Okay, yes, that makes sense. That’s what I thought, great. And last question, you know, given this acquisition, I know you said for the balance of this year, you think Nexmo will be EBITDA negative, I misheard that. Can you give us a sense of what that EBITDA could be and what the free cash flow, if I don’t have any but what the cash flow deficit from Nexmo is. And, are you going to inherit any NOLs from this acquisition? Obviously, if they haven’t made money, they must have losses. I wonder if that could increase the tax asset for you or not? Or if there’s any other hidden assets through the acquisition that you would also be buying that would increase your equity value?

Alan Masarek

Analyst · FBN Securities. Your line is now open

Sure. So yes, we will inherit NOLs and so that will add to our NOL balance. The Company does not use much CapEx. So EBITDA really is free cash flow and I think in terms of looking forward we are not yet in a position to guide on that. But, we are talking about very small numbers to the extent that it’s negative this year and then I think we will calibrate how much stepping on the gas we want to do once we own the Company.

Robert Routh

Analyst · FBN Securities. Your line is now open

Okay. Fair enough. Fair enough. Great. Can you give us any sense of the size of the NOLs that you will be acquiring in terms of how it will increase your future tax yields?

Alan Masarek

Analyst · FBN Securities. Your line is now open

We’re still working through that exact calculation.

Robert Routh

Analyst · FBN Securities.

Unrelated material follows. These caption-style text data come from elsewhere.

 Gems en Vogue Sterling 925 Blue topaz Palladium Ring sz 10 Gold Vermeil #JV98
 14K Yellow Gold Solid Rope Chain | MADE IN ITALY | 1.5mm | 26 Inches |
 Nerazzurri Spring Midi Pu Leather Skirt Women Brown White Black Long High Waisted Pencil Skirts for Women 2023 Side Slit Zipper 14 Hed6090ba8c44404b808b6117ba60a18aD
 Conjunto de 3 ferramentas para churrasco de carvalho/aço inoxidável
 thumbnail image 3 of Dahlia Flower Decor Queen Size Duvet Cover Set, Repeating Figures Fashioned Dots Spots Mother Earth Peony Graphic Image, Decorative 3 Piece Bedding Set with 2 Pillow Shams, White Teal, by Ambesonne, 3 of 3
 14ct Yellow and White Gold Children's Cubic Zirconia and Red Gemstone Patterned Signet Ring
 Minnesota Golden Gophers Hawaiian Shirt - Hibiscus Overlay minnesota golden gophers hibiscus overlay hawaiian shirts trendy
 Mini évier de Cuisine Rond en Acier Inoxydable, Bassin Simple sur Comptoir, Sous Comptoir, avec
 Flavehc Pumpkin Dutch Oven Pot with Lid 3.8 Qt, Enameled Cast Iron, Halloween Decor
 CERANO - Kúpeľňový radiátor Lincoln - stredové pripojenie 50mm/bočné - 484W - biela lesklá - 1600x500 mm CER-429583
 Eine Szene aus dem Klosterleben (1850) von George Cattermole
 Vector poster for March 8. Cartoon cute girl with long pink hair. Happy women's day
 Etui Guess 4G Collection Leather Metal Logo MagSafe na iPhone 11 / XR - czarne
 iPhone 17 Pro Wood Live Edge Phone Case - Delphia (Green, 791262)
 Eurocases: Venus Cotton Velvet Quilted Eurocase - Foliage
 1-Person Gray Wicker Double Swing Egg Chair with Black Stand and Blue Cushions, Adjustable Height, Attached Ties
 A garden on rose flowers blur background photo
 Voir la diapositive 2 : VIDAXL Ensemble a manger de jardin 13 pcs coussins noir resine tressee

Your line is now open

Okay. Is it material, though?

Alan Masarek

Analyst · FBN Securities. Your line is now open

You can see in the slide, this was a small company, not too many years ago. So you can get a sense there. So they were generating losses like any start-up, but, yes, we are not yet in a position to quantify that.

Operator

Operator

Ladies and gentlemen, this does conclude our question-and-answer session for today. I would like to turn the call back over to Hunter Blankenbaker for any further remarks.

Hunter Blankenbaker

Analyst

Great and thanks, Sonia. We appreciate everyone’s time today and we look forward to speaking and seeing everyone throughout the quarter. Thank you.

Operator

Operator

Ladies and gentlemen, thank you for participating in today’s conference. This concludes today’s program. You may all disconnect. Everyone have a great day.